→ **Data provided**
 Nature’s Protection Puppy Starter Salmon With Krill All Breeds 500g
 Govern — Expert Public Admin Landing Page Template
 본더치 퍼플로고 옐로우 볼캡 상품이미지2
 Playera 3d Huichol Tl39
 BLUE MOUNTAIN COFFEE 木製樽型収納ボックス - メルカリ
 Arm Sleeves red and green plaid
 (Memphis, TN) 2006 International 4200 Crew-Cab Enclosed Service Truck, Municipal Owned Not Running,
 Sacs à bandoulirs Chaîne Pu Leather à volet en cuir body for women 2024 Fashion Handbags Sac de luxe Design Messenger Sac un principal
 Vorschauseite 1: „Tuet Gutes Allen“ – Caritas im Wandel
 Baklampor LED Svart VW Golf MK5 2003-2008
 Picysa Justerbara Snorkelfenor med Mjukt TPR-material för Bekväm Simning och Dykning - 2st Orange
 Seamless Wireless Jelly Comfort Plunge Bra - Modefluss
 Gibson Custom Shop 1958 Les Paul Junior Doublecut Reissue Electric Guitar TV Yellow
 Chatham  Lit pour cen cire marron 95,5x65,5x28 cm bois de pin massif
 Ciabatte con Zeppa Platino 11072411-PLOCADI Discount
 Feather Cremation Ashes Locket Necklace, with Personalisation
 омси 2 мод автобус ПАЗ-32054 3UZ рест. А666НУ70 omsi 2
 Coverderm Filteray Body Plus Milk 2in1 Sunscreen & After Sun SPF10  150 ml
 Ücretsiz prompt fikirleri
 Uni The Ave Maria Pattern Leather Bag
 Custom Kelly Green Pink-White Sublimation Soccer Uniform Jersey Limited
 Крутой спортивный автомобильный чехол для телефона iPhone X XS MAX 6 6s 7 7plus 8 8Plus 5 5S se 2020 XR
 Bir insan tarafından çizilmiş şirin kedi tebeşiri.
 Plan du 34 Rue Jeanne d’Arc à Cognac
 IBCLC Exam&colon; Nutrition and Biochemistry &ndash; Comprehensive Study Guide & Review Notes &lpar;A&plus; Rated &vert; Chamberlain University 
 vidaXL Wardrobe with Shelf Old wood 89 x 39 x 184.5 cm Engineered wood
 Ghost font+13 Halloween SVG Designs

→ **What you need to do**
Write down how many lines above contain the string "Custom", and nothing besides.

→ **Response to the exercise**
2